As a workaround, I configured the board as a 16-bit data device. Lo
and behold, no more problem, but only because bcopy() took another
route instead of using the ldd's and std's. I took a 50% hit on
throughput, but at least I didn't have to do funny things with my
buffer addresses in user space.
So, it seems we have a hardware bug. Sun told me that they knew of
some other problems with the CPU, and suggested I get the latest rev.
Problem is, we're not on contract, and that would cost a *minimum* of
about 4k for 30-day exchange. I had several long talks with various
folks at Sun, trying to get them to stand behind their product, at
least enough to fix the bug or send me some new PAL's or something. I
mean, after all, this isn't a flaw in manufacturing or a burn-out or
something, its a design flaw! Well, they didn't buy that.

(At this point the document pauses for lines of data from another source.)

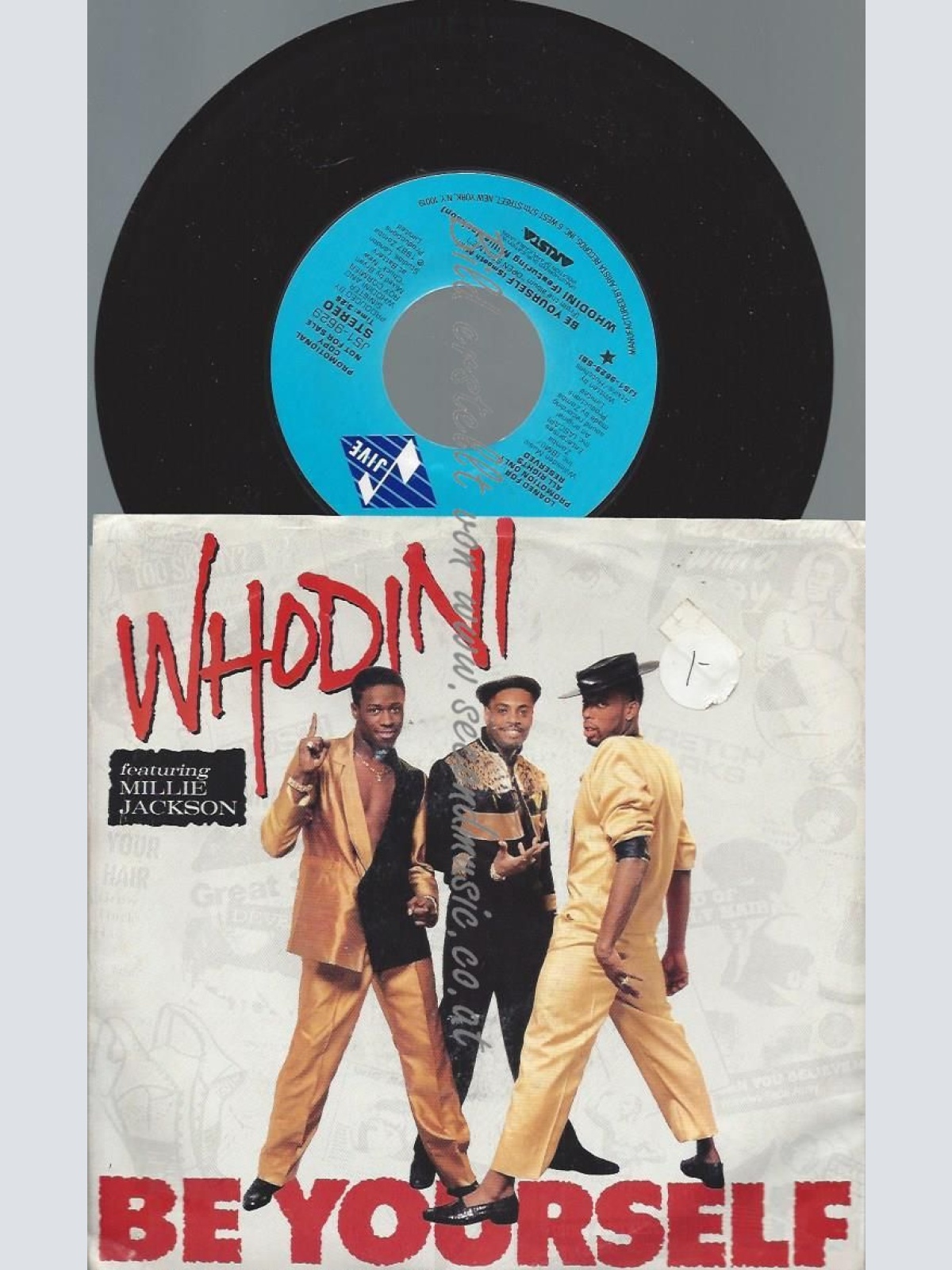 7"   Whodini – Be Yourself //PROMO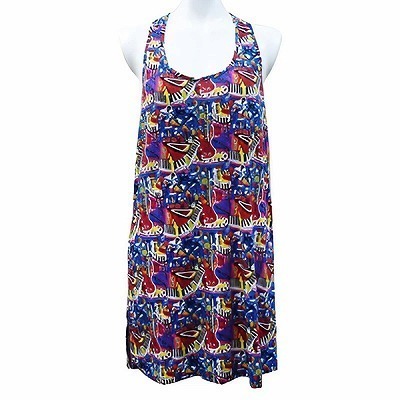 ＜６９ＳＬＡＭ＞ロックスラム　レディース　ＷＯＭＡＮ　ＦＩＯＮＡ　ＤＲＥＳＳ　ワンピース　ＲＡＦＡ　ＭＵＳＩＣ　Ｌ（コスプレ衣装）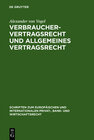 Buchcover Verbrauchervertragsrecht und allgemeines Vertragsrecht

Someday we'll get the thing upgraded, whatever it does or doesn't
cost. But for one thing, I'm not even certain (and neither is Sun)
that the latest rev *does* fix the problem. So here I am paying a 50%
penalty for their bug, but at least it still works without the user
process doing funny things. That is, I thought so until today.
Now I discover that when I mmap the memory, I can't do 32-bit transfers
to that memory. I have to talk to it 8 or 16 bits at a time, or I get
segmentation faults. Seems that the MMU imposes the same limitations
on the user process as imposed on it by the VME.
As far as the question below is concerned, let me say that I'm not
whining trying to get Sun to fix my CPU. I really want to know what
*should* be happening in the MMU.
(END OF LONG STORY)
(drum roll please)
My question is, is it reasonable to expect that the MMU provide
transparent 32-bit access to a 16-bit device?
My initial reaction was that of course, the MMU should take care of
that. Sun seems to think not, and that if the memory says to the MMU
16 bits is the max, then the MMU says the same to the CPU. Now I'm not
so sure. Discussion?
-steve
/* Steve Groom, Jet Propulsion Laboratory, Pasadena, CA 91109
* Internet: stevo at elroy.jpl.nasa.gov UUCP: {ames,cit-vax}!elroy!stevo
* Disclaimer: (thick German accent) "I know noothingg! Noothingg!"